## WHAT IS NEEDED
Every line of the material below needs to be copied exactly; omit the pictures.

## SUPPLIED MATERIAL

※

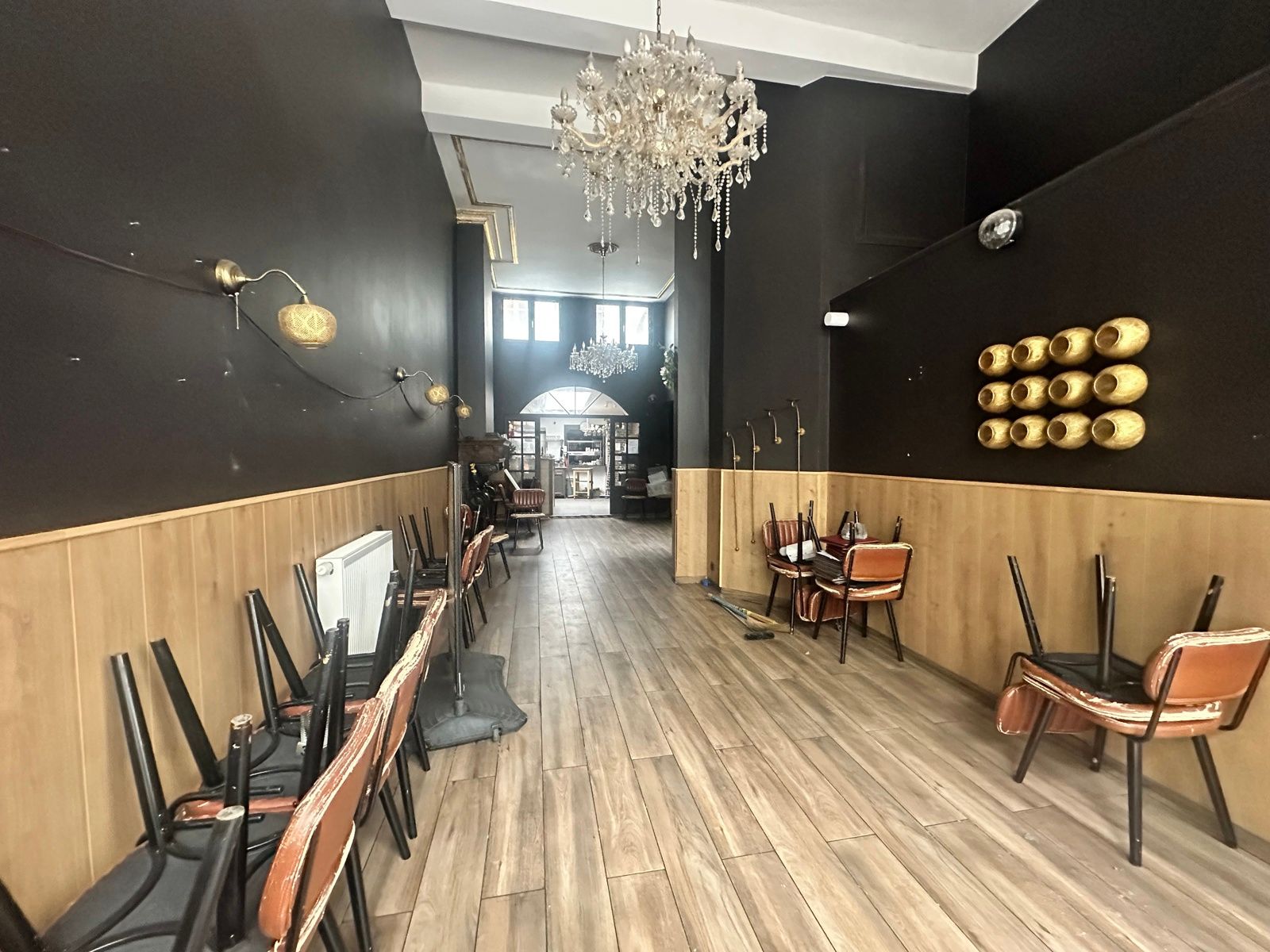 Horecapand met Duplex in Historisch Antwerpen foto 2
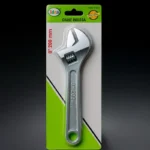 chave inglesa ajusável 8 poleadas 200mm mecanico cregulagem 1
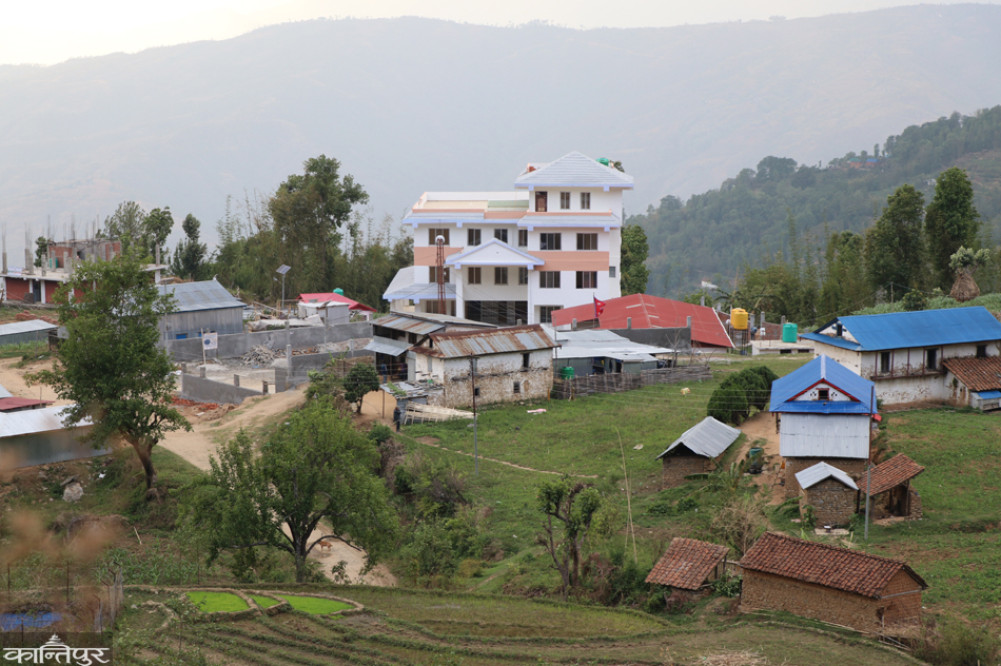 Lack of chemical fertilizers in Diprung Chuichumma Rural Municipality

※

## SOLUTION TO THIS EXERCISE
 Horecapand met Duplex in Historisch Antwerpen foto 2
 chave inglesa ajusável 8 poleadas 200mm mecanico cregulagem 1
 Lack of chemical fertilizers in Diprung Chuichumma Rural Municipality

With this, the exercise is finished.